Derniers jours pour découvrir l’exposition « Mode & Femmes 14/18 » à la Bibliothèque Forney. Un éclairage des mutations sociales qui ont accompagné l’évolution vestimentaire des Françaises pendant cette période, entraînant une rupture entre l’arrière et le front.
« Debout (…) jeunes enfants, filles et fils de la patrie ! Remplacez sur le champ de travail ceux qui sont sur les champs de bataille ». C’est en ces termes que René Viviani, Président du Conseil des ministres, interpelle les femmes françaises le 6 aout 1914 à venir rejoindre l’effort de guerre. Dans les usines comme les hôpitaux, elles délaissent rapidement leurs robes à crinoline pour adopter des tenues plus pratiques, parfois enjolivées avec des bijoux et des cols : à commencer par l’emblématique costume-tailleur créé par le couturier anglais Redfern en 1881, qui s’impose très vite comme une tenue quotidienne. Une révolution à la fois vestimentaire et sociale, que les soldats découvrent de retour en permission et qu’ils ont du mal à comprendre.
Ruptures
 L’exposition revient sur ce phénomène de rupture entre l’avant et l’arrière. Selon Jean-Yves Le Naour, docteur en histoire et spécialiste de la Grande Guerre, les poilus dénoncent une mode de guerre et la soi-disant frivolité féminine. Il souligne qu’il s’agit au contraire d’une véritable union sacrée vestimentaire ou la mode s’inspire du style militaire : les chapeaux ornés de cocardes, ou encore les boutons en forme de grenades. Par ailleurs, au cours de leurs permissions, les soldats voient d’un mauvais œil ces théâtres débordant de spectateurs et ces cafés remplis, diamétralement opposés à leur quotidien dans les tranchées.

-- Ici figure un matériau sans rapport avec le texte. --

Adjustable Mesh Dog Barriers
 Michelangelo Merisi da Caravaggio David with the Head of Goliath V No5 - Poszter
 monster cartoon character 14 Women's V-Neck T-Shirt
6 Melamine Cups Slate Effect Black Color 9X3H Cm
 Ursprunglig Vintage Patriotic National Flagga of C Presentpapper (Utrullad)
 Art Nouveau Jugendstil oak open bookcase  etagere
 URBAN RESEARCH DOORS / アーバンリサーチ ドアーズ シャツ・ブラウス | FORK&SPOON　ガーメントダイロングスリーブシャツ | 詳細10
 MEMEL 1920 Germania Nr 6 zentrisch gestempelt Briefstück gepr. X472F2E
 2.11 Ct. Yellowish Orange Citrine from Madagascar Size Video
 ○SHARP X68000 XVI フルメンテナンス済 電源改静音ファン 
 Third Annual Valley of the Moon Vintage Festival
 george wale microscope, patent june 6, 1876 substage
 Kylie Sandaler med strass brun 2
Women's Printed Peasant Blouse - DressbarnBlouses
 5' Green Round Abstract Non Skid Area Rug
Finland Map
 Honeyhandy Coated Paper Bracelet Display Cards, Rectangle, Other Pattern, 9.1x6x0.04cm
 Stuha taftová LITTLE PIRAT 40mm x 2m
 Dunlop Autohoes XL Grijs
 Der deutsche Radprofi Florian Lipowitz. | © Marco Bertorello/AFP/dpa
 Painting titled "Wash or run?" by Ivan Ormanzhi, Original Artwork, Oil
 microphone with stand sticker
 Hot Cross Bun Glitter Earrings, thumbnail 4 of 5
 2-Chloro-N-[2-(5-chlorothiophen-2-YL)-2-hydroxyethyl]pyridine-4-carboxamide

Ce phénomène s’explique surtout par un renversement de domination entre les deux sexes à en croire Jean-Yves Le Naour. En effet, les poilus sont en position d’attente et de dépendance affective alors que les femmes, libres, se « virilisent » et gagnent de l’argent. En réalité, c’est un fantasme puisque l’avant et l’arrière fonctionnaient ensemble et s’entraidaient constamment, rappelle l’historien.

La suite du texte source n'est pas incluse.